La Bosch, infatti, non si limita semplicemente a raccontare una storia, ma riporta fatti realmente accaduti, ed in particolare la testimonianza del piccolo Joseph, uno dei pochissimi superstiti di quella terribile mattina. La storia di Joseph finisce con l’amalgamarsi con le storie di migliaia di altri ebrei che quel giorno si sono visti strappare via la vita, la dignità, lontani da amici e parenti, sballottati come fossero pezzi di legno, in condizioni igieniche impensabili, senza un futuro davanti ai loro occhi, ma con le stelline gialle sempre addosso, quasi come fossero marchiate a fuoco. Forse per la prima volta, la Francia si prende le proprie responsabilità e, a molti anni di distanza dall’orrendo accaduto, viene raccontata la storia del collaborazionismo francese con il governo tedesco, senza rendere tutto più ovattato, ma mostrando quel che realmente è successo. Ovviamente non è un modo di buttarsi totalmente giù e non si dimenticano nemmeno quei francesi che durante La Rafle hanno avuto il coraggio e il buon cuore di aiutare le persone in fuga, nascondendole ed ospitandole. I sopravvissuti all’orrore, con conseguenti cicatrici fisiche e non, sono stati davvero pochissimi ed è cosa fondamentale riuscire a preservare le loro memorie, proprio perché non dobbiamo dimenticare. Anche se, a guardare quel che accade nel mondo, in realtà la storia ci ha insegnato poco e niente, ma quello della Seconda Guerra Mondiale rimane uno dei massacri più atroci ed assurdi della storia dell’uomo.
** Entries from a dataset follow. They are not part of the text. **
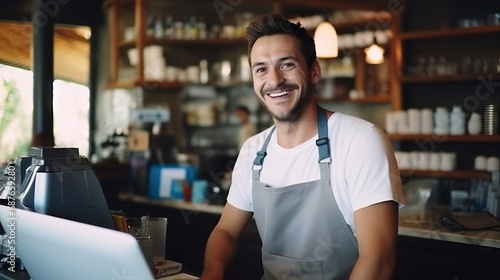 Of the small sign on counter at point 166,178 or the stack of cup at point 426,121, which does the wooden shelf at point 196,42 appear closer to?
the small sign on counter at point 166,178

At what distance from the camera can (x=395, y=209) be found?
1.64 meters

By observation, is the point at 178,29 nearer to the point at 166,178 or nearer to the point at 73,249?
Answer: the point at 166,178

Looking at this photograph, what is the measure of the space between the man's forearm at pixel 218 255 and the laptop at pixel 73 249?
1.75 ft

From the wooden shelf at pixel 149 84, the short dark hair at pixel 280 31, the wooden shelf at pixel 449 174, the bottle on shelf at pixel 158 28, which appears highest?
the bottle on shelf at pixel 158 28

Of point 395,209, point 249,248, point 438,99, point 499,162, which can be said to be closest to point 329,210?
point 395,209

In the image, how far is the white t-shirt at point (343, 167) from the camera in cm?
164

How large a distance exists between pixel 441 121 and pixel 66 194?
13.8 ft

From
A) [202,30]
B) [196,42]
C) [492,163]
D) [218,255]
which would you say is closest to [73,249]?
[218,255]

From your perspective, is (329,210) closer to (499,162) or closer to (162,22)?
(499,162)

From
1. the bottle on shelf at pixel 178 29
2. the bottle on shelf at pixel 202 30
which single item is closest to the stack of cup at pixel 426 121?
the bottle on shelf at pixel 202 30

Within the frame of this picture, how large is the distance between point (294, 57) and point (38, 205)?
909mm

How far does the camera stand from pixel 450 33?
514 centimetres

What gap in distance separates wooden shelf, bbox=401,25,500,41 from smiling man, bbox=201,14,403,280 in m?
3.50

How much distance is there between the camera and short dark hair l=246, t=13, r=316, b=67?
1.88 m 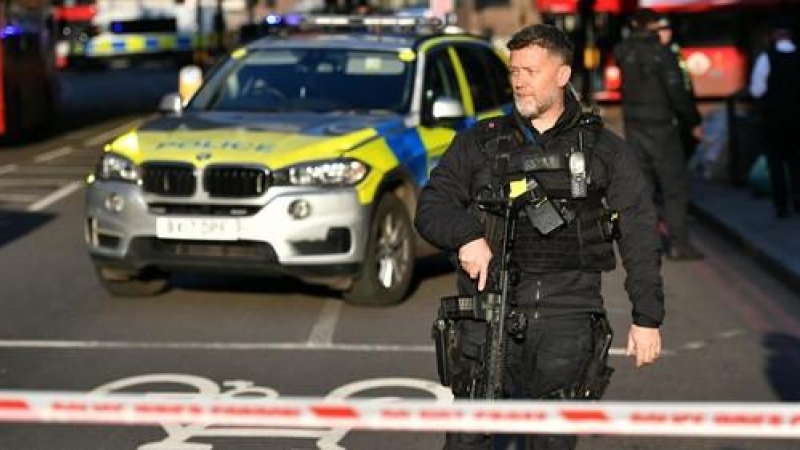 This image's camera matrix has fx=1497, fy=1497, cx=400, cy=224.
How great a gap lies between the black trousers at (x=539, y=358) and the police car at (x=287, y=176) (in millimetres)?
4409

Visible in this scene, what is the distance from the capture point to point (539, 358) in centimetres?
429

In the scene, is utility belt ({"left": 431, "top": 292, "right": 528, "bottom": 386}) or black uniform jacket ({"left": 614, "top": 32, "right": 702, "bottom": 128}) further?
black uniform jacket ({"left": 614, "top": 32, "right": 702, "bottom": 128})

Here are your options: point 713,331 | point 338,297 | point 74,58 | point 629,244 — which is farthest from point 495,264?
point 74,58

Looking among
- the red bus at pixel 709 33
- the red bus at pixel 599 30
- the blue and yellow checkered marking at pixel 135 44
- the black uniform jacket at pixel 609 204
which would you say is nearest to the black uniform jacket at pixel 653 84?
the black uniform jacket at pixel 609 204

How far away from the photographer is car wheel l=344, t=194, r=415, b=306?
8.98 m

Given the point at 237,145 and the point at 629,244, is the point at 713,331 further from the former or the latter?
the point at 629,244

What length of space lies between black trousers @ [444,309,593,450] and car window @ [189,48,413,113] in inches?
219

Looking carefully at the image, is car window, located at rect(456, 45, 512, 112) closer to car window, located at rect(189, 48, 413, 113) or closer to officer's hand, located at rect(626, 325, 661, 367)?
car window, located at rect(189, 48, 413, 113)

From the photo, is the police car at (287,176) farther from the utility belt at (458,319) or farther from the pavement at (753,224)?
the utility belt at (458,319)

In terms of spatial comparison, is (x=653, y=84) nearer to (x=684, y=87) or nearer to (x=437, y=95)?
(x=684, y=87)

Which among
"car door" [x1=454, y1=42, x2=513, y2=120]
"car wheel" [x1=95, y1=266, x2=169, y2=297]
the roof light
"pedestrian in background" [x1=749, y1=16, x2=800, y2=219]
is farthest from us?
"pedestrian in background" [x1=749, y1=16, x2=800, y2=219]

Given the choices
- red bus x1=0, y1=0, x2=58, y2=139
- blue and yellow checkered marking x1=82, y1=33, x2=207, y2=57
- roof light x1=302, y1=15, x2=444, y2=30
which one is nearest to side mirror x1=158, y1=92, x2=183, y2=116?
roof light x1=302, y1=15, x2=444, y2=30

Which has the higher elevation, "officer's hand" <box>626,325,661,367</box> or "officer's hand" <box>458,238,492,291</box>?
"officer's hand" <box>458,238,492,291</box>

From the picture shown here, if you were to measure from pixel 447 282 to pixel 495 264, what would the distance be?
6046 millimetres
Nel cast troviamo un insolitamente buono Jean Reno, nei panni di un dottore ebreo, affiancato da un’infermiera protestate interpretata da Melanie Laurent, incapace di assecondare gli ordini del governo e vedere le vite di centinaia di bambini distrutte una volta per tutte. Ed in mezzo a tutto questo orrore, Rose Bosch ci mostra anche il lato più umano dei militari, anche se senza troppa esagerazione (com’è giusto che sia). Pronti a servire la patria con ferma dedizione, i soldati armati e incattiviti più che mai, mostrano a sprazzi dei lampi di umanità, che si palesano nell’espressione degli occhi, solo per qualche istante, prima di tornare a fare il loro dovere. La clemenza non è dovuta, non è garantita, ma talvolta può essere anche concessa. Le scene della deportazione sono sempre struggenti, vedere le mamme separate dai bambini e dai mariti in un certo senso ignari del loro destino, è sempre una visione straziante, ma è bene riproporla, nella speranza che un giorno possa rivelarsi efficace. “Vento di primavera” è una grande opera, realizzata con la massima attenzione al dettaglio e con realismo, e va ad accostarsi ai tanti “La vita è bella”, “Train de vie” e “Schindler’s List”, che anno dopo anno permettono a tutte le vittime di questo infinito massacro di avere una piccola possibilità di riscatto, di poter essere ricordate e, in qualche modo, di avere voce per poter raccontare.